Roughly 430,000 people are dual citizens of Saudi Arabia and Kuwait. (AFP/File)
More than 430,000 people carrying the dual nationalities of Kuwait and Saudi Arabia will be summoned and asked to choose only one citizenship, a Kuwaiti daily said.
“Security cooperation between Riyadh and Kuwait City has enabled security authorities in both capitals to draw up a list of 432,000 people carrying the nationalities of both countries at the same time,” a report in Kuwaiti daily Al Shahed said, quoting sources that were not identified. “Since the Kuwaiti law bans the dual citizenship, they will be summoned and asked to give up one nationality and keep only one,” the sources said in the report carried on Sunday.
Those carrying the double nationality would be called either by the Kuwaiti or Saudi authorities and asked to regularise their status, the sources added.
“It is basically a security issue for these countries and they want to address it.”
Reports in Kuwait last week said that 90,000 people were discovered to have the Saudi-Kuwaiti dual nationalities and that the authorities were working on addressing the issue as the law does not allow dual citizenship.

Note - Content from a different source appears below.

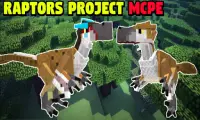 Addon Raptors Project for Minecraft PE Screen Shot 1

The dual citizenship in Kuwait has recently gained in intensity with the persistence of the issue of bidoon (stateless) residents of Kuwait who have been unable to become citizens due to the strict 1959 nationality law.
The term “bidoon” is also used to refer to foreigners who migrated to Kuwait mainly during the oil boom of the 1960s and 1970s, without passports or whose passports had expired. It can also refer to those who concealed their nationality in order to remain in Kuwait.

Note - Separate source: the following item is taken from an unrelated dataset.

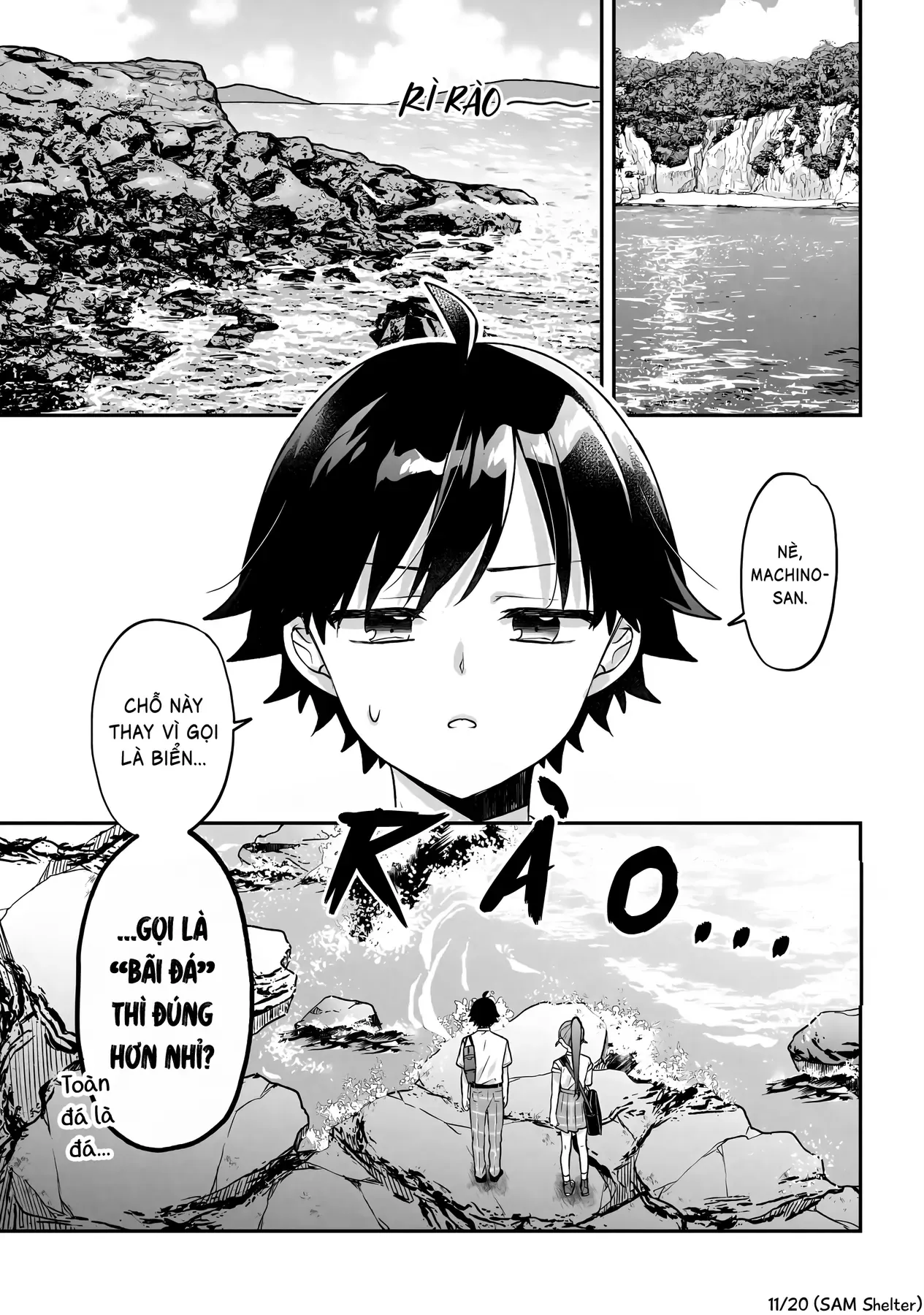Machino-San Muốn Được Phản Bác Chap 11 - Next Chap 12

Most statistics place their number at 110,000 and their status has often been at the centre of disagreements in the Kuwaiti establishment and among Kuwaitis, with many calling for granting them more rights, including citizenship, while others see them as “illegal residents” who must not be given official documents.
State officials say the Bidoons cannot be given the Kuwaiti citizenship on the grounds that they were citizens of other countries or that the ancestors of many of them came from neighbouring countries and were not entitled to the nationality.
In April 2012, a scheme that enables bidoons to be granted five-year residence permits was announced by authorities.
Under the scheme, those who wish to benefit from the new options will have to regularise their status by producing the passport of their country of origin.
The new status allows those above 21 years of age to sponsor themselves for the next five years.
Those who are below 21 can be granted a five-year residence visa as family members.
Beneficiaries of the scheme do not pay fees for the duration of their permits and are handed special cards that guarantee them free health and education services.